When BANT leads were first introduced in the 1950’s by IBM do you think that the team who rolled it out believed it would still be used over 70 years later? The longevity of this simple demand generation acronym has outlasted most anything else that IBM would have brought out over 70 years ago. To that point, why would we expect BANT leads not to have evolved as the market has? As marketers have? As the wider user community has?
BANT leads, standing for the simple yet effective acronym of Budget, Authority, Need and Timeframe outline the basis for what a sales person would like to review and quantify as they lead into a sales orientated conversation. In reality however, often customers either do not want to divulge this information, or, may not be able to. Further to this, it does not address pain points that are crucial from a user engagement perspective. If there are pain points that need to be addressed for a potential customer and a company is able to address these then it makes for a much stronger engagement, a more memorable conversation, and a stickier interaction as users navigate the buyer journey
In this instance it would be more beneficial to ask questions around pain points that can be addressed as opposed to when you are you going to make a purchase, or do you have a budget set aside already.

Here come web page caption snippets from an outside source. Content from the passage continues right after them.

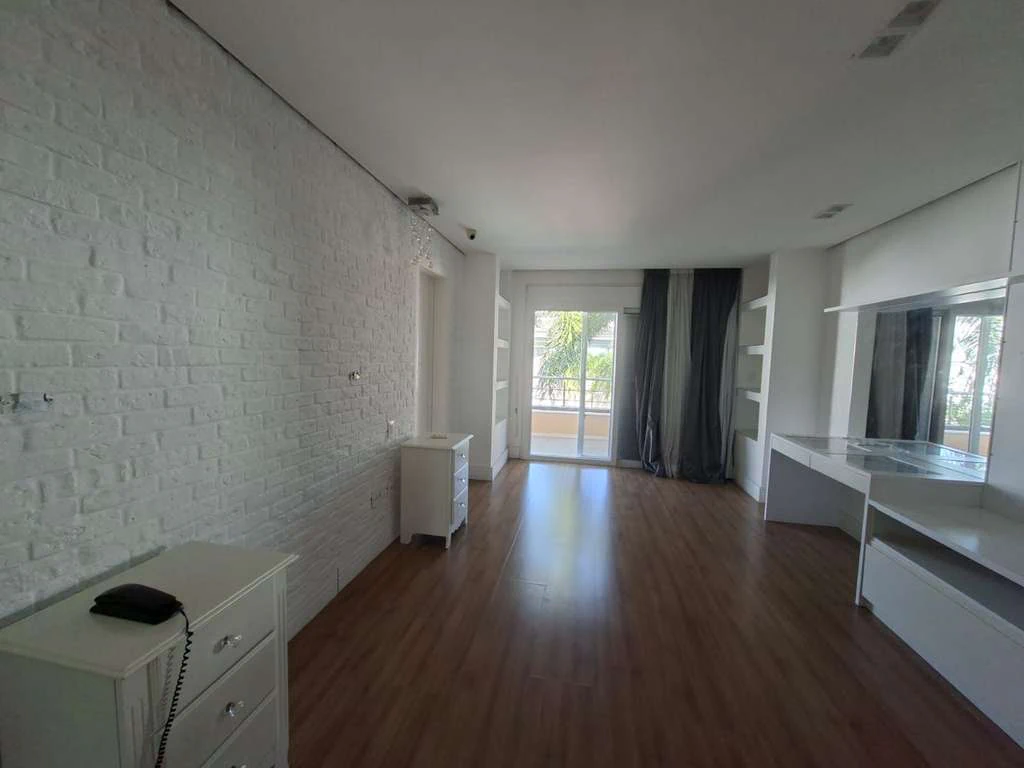 Furnished 1200 m² house with 5 suites and 7 bathrooms — photo 21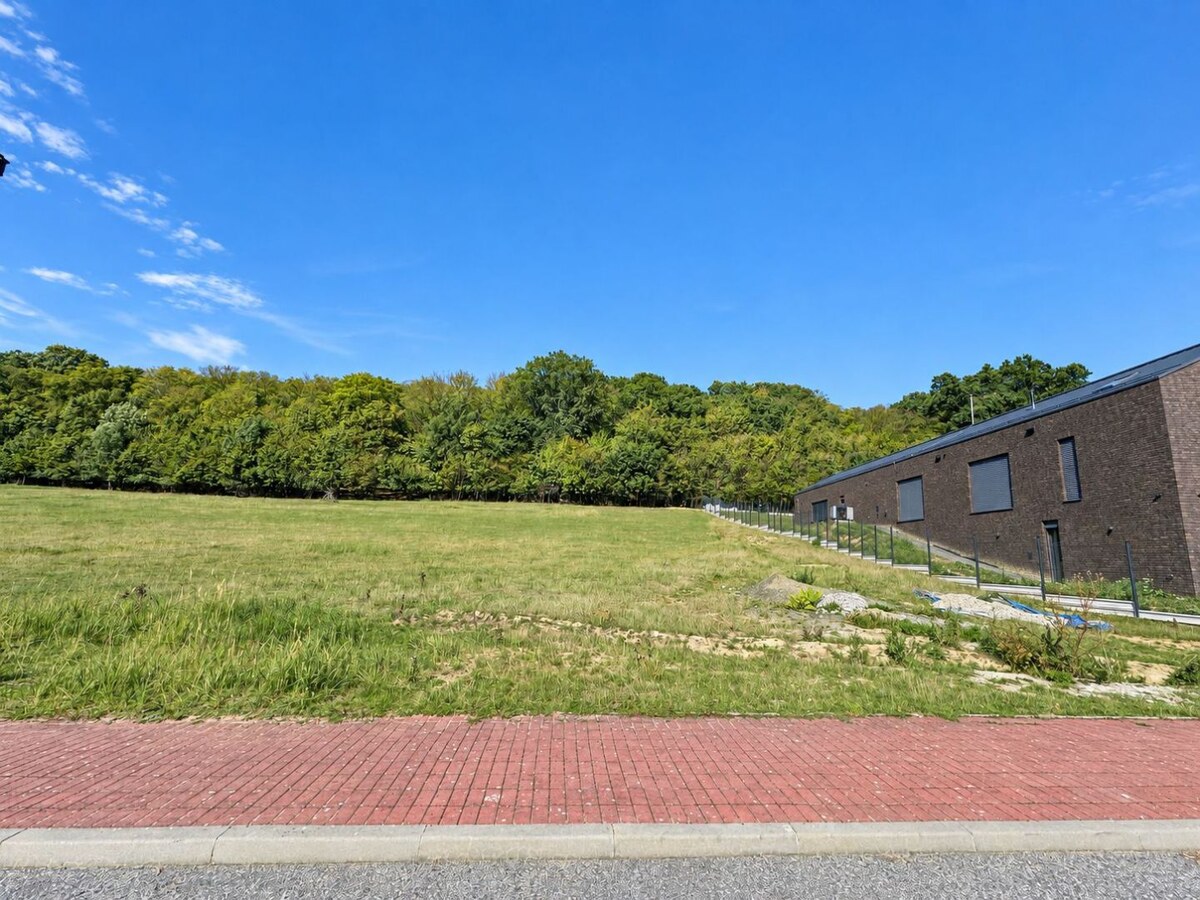 Stavebný pozemok pre menší developerský projekt pri lese a pod hradom — foto 2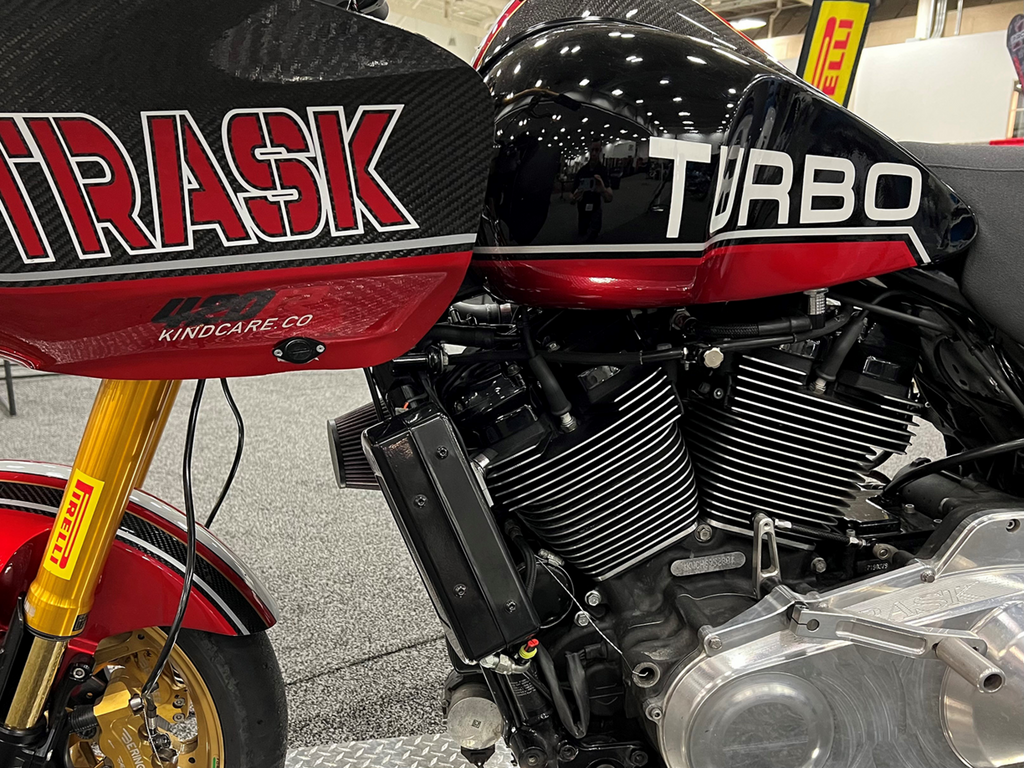 ULTRACOOL Frame Mount Oil Cooler Kit - Gloss Black - M8 Touring/Trike — image 3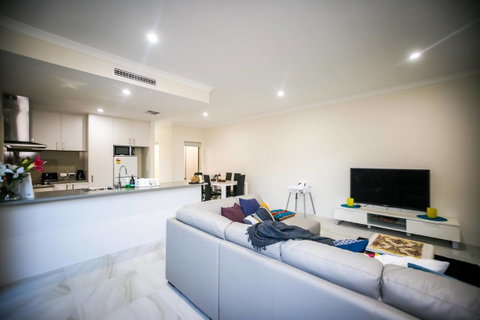 VIP Stays - Villa De Burswood Luxury 3BR Suite W/ King Bed FREE WIFI - ACT Tourism 14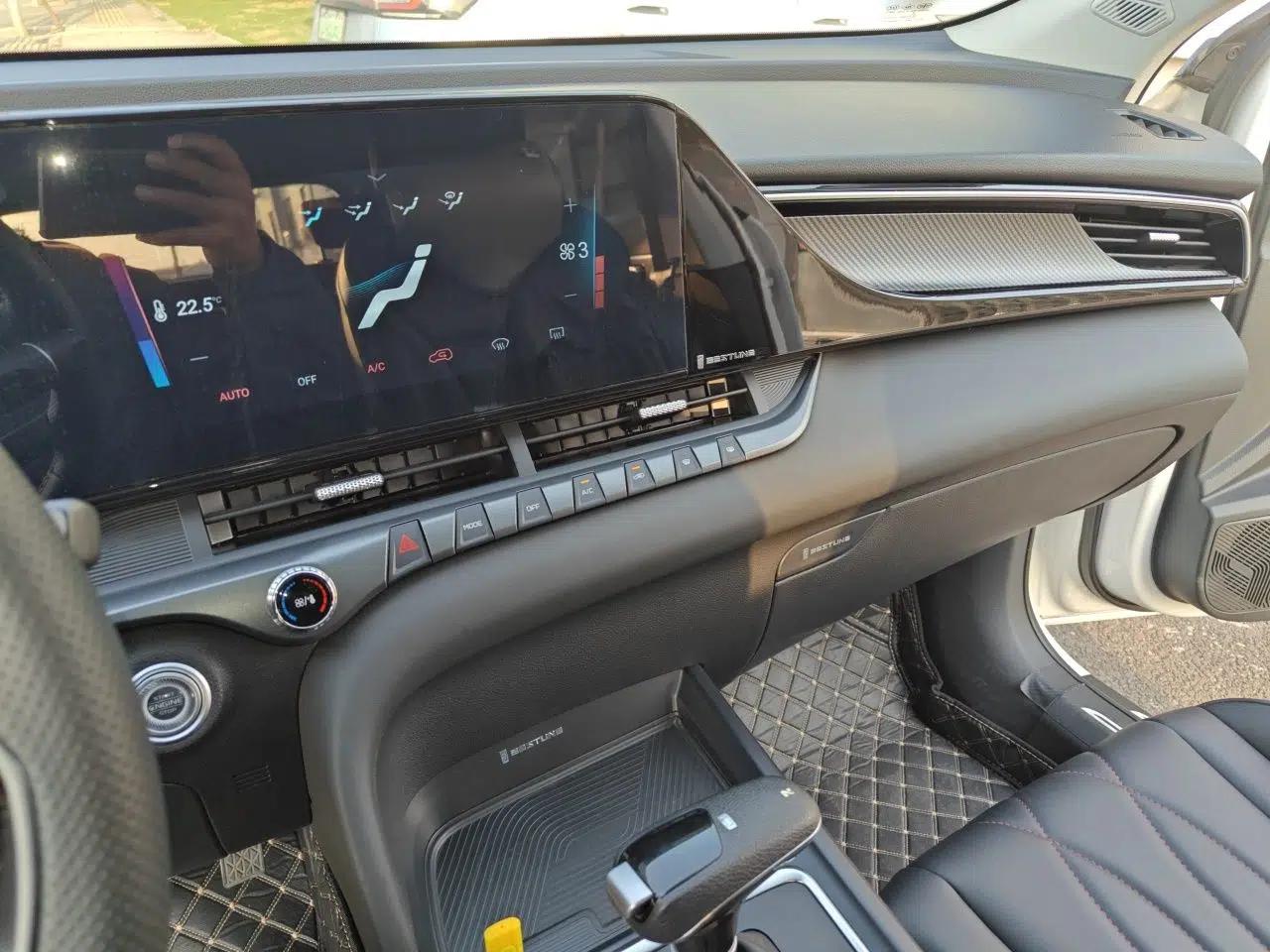 Bestune T55 2023 1.5T Automatic Leap Model — миниатюра 14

This is the core reason why BANT now is not what BANT was. Asking questions such as “are you going to purchase in the next 12 months” or “do you have a budget allocated” do not position sales teams to have the strongest conversation as opposed to delving deep on how a prospects pain points can be addressed. Next time you are looking at running a BANT campaign, it is important to ask the question, what is going to align this conversation with my sales team? and how can we uncover needs? instead of going to just the old BANT formula.